L’année précédant Novos Baianos Acabou Chorare, Elis Regina chantait le besoin de partir vivre à la campagne pour connaître la paix, entourée de ses amis, de livres et de chèvres (Casa no campo). Encore une chanson tragique, encore un des ces nombreux chants de colère et de frustration à l’image de cette jeune génération “MPB” pleine de rêves étouffés par la dictature au pouvoir et le conservatisme de la société brésilienne.


Novos Baianos Acabou Chorare

C’est dans ce climat morose que sort Acabou Chorare des Novos Baianos. Le nom de l’album signifie « fini de pleurer» et sonne comme un manifeste contre cet état d’esprit d’abattement.

A cette période, le groupe a déjà sorti un premier album très rock passé inaperçu et vient de quitter son Bahia natal pour s’installer à Rio de Janeiro. Tous vivent ensemble en communauté dans un appartement du quartier de Botafogo comme des hippies avant de partir s’installer dans les environs ruraux de Rio.

A défaut d’avoir la démocratie, les Novos Baianos prennent la maison à la campagne, les amis et les chèvres chantés par Elis Regina, auxquels ils ajoutent un peu de drogue et beaucoup de football.

João Gilberto, comme eux originaire de Bahia et ami d’enfance d’un des membres, passe de nombreuses nuits en leur compagnie, les prenant sous son aile, jusqu’à finalement devenir leur gourou. De presque 20 ans leur ainé, il leur prodigue ses leçons de vie, voire de philosophie, et une respectabilité nouvelle – ils ne seront plus considérés comme des fumeurs de maconha mais comme les disciples du maître.

Novos Baianos Acabou Chorare
Novos Baianos Acabou Chorare

Éternel vagabond, João Gilberto retrouve cette effervescence artistique et cette simplicité dont sont statut de star l’avait sans doute éloigné. C’est à son contact que les Novos Baianos redécouvrent la musique brésilienne.

Peu à peu, ils incorporent choro, samba, bossa nova et baião, se mettent à la guitare sèche, au cavaquinho et au pandeiro tout en gardant l’énergie et la folie du rock. C’est Gilberto encore qui leur fait connaître la vieille samba Brasil Pandeiro d’un autre Bahianais installé à Rio, Assis Valente et qui deviendra un de leur grand tube.
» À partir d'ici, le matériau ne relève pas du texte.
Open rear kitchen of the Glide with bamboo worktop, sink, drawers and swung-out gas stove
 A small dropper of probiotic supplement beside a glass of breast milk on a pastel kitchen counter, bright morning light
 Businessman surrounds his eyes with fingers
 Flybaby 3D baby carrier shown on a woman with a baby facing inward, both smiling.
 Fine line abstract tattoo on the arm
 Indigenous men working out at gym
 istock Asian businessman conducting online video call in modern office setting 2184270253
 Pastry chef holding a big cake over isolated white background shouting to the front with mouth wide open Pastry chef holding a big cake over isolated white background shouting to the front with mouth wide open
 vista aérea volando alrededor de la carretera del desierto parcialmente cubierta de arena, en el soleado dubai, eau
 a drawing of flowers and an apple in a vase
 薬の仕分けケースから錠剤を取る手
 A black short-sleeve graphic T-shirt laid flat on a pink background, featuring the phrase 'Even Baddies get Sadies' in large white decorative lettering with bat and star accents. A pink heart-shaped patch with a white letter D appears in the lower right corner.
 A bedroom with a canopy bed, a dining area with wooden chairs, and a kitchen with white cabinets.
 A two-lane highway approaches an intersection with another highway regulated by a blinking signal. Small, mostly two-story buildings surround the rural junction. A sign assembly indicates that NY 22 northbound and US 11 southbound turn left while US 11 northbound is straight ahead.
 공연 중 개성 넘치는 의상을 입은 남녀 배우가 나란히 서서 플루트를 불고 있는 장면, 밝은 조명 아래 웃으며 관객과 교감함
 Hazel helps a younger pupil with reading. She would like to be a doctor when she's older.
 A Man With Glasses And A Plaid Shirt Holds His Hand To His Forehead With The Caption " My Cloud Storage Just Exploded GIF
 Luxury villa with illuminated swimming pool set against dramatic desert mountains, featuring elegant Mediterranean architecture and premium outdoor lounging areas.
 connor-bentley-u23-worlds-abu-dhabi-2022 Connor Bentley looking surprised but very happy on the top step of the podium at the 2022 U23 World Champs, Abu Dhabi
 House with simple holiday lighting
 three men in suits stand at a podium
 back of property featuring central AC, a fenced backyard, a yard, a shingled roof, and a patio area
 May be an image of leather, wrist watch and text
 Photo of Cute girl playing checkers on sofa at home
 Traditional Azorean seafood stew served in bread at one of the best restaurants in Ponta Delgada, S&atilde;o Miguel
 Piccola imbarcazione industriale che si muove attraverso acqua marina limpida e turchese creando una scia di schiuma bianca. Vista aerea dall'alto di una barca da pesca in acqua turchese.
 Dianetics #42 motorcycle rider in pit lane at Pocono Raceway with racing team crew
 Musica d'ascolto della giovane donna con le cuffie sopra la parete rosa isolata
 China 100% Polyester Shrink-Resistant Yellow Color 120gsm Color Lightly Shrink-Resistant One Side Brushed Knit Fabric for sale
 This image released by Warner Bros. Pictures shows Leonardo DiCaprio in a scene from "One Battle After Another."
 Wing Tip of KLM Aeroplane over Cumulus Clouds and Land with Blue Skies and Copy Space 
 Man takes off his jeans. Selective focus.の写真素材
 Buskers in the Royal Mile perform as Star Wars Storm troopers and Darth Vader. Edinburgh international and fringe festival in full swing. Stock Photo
Cette influence tutélaire ne va pas pour autant leur faire renier celles d’Hendrix et de Janis Joplin; elle va s’y combiner; sous les doigts véloces du groupe de choro A Cor Do Som (à l’œuvre sur l’instrumental « Um Bilhete Prâ Didi »), qui les accompagne en toute occasion. Une virtuosité avec laquelle rivalise le guitariste des Baianos, Pepeu Gomes, l’un des plus inventifs du pays, au jeu sec et chantant, encore très marqué par le psychédélisme dépouillé des sixties – la technique et les solos fiévreux en prime.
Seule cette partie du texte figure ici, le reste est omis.